In this lab we will analyze the data from this study in order to learn what goes into a positive professor evaluation.

Getting Started

Load packages

In this lab we will explore the data using the dplyr package and visualize it using the ggplot2 package for data visualization. The data can be found in the companion package for this course, statsr.

Let’s load the packages.

library(statsr)
library(dplyr)
library(ggplot2)
library(GGally)

This is the first time we’re using the GGally package. We will be using the ggpairs function from this package later in the lab.

The data

The data were gathered from end of semester student evaluations for a large sample of professors from the University of Texas at Austin. In addition, six students rated the professors’ physical appearance. (This is a slightly modified version of the original data set that was released as part of the replication data for Data Analysis Using Regression and Multilevel/Hierarchical Models (Gelman and Hill 2007).) The result is a data frame where each row contains a different course and columns represent variables about the courses and professors.

Let’s load the data:

data(evals)
variable description
score average professor evaluation score: (1) very unsatisfactory - (5) excellent.
rank rank of professor: teaching, tenure track, tenured.
ethnicity ethnicity of professor: not minority, minority.
gender gender of professor: female, male.
language language of school where professor received education: english or non-english.
age age of professor.
cls_perc_eval percent of students in class who completed evaluation.
cls_did_eval number of students in class who completed evaluation.
cls_students total number of students in class.
cls_level class level: lower, upper.
cls_profs number of professors teaching sections in course in sample: single, multiple.
cls_credits number of credits of class: one credit (lab, PE, etc.), multi credit.
bty_f1lower beauty rating of professor from lower level female: (1) lowest - (10) highest.
bty_f1upper beauty rating of professor from upper level female: (1) lowest - (10) highest.
bty_f2upper beauty rating of professor from second upper level female: (1) lowest - (10) highest.
bty_m1lower beauty rating of professor from lower level male: (1) lowest - (10) highest.
bty_m1upper beauty rating of professor from upper level male: (1) lowest - (10) highest.
bty_m2upper beauty rating of professor from second upper level male: (1) lowest - (10) highest.
bty_avg average beauty rating of professor.
pic_outfit outfit of professor in picture: not formal, formal.
pic_color color of professor’s picture: color, black & white.
  1. Is this an observational study or an experiment?
    1. Observational study
    2. Experiment

    answer: Observational study

  2. The original research question posed in the paper is whether beauty leads directly to the differences in course evaluations. Given the study design, should the question be rephrased? If so, how?
    1. No, the question is worded accurately.
    2. Yes, revise wording to “Is there an association between beauty and course evaluations?”
    3. Yes, revise wording to “Does beauty score increase the professor’s course evaluations?”
    4. Yes, revise wording to “Does beauty score decrease the professor’s course evaluations?”

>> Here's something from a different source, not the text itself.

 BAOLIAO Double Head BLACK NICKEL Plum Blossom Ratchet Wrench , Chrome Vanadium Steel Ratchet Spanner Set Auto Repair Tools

    answer: Yes, revise wording to “Is there an association between beauty and course evaluations?”

Exploring the data

  1. Which of the following statements is false about the distribution of score?
    1. The median of the distribution is 4.3.
    2. 25% of the students gave their professors a score of over 4.6.
    3. 11 of students gave a professor a score below 3.
    4. The left skewness of the data suggests that the students are less likely to rate the professors highly. 
# type your code for Question 3 here, and Knit
# median IS 4.3
s1 <- evals %>% summarise(med = median(score), n = n())
s2 <- evals %>% filter(score > 4.6) %>% summarise(n = n())
s3 <- evals %>% filter(score < 3) %>% summarise(n = n())
s1$med
## [1] 4.3
s2$n / s1$n
## [1] 0.2073434
s3$n
## [1] 11
ggplot(evals, aes(x = score)) +
  geom_histogram()
## `stat_bin()` using `bins = 30`. Pick better value with `binwidth`.

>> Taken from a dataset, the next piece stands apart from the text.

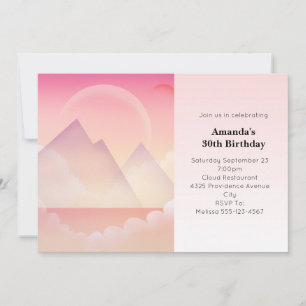 Invitación Paisaje de la Montaña Dreamy Pastel Cumpleaños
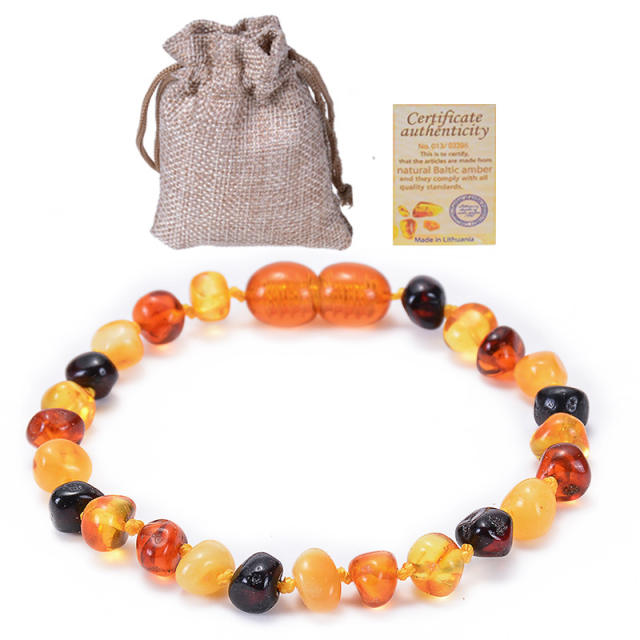 14-15cm irregular shape amber bracelet baby teething gift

answer: The left skewness of the data suggests that the students are less likely to rate the professors highly.

Exercise: Excluding score, select two other variables and describe their relationship using an appropriate visualization (scatterplot, side-by-side boxplots, or mosaic plot).

# type your code for the Exercise here, and Knit
ggplot(evals, aes(x = cls_level, y = bty_avg)) +
  geom_boxplot()

Simple linear regression

The fundamental phenomenon suggested by the study is that better looking teachers are evaluated more favorably. Let’s create a scatterplot to see if this appears to be the case:

ggplot(data = evals, aes(x = bty_avg, y = score)) +
  geom_point()

Before we draw conclusions about the trend, compare the number of observations in the data frame with the approximate number of points on the scatterplot. Is anything awry?

Exercise: Replot the scatterplot, but this time replace the geom_point() layer with a geom_jitter() layer. (Use ?geom_jitter to learn more.) What was misleading about the initial scatterplot?

# type your code for the Exercise here, and Knit
ggplot(data = evals, aes(x = bty_avg, y = score)) +
  geom_jitter()

Let’s see if the apparent trend in the plot is something more than natural variation. Fit a linear model called m_bty to predict average professor score by average beauty rating and add the line to your plot using the following. If you do not remember how to do this, refer to the previous lab.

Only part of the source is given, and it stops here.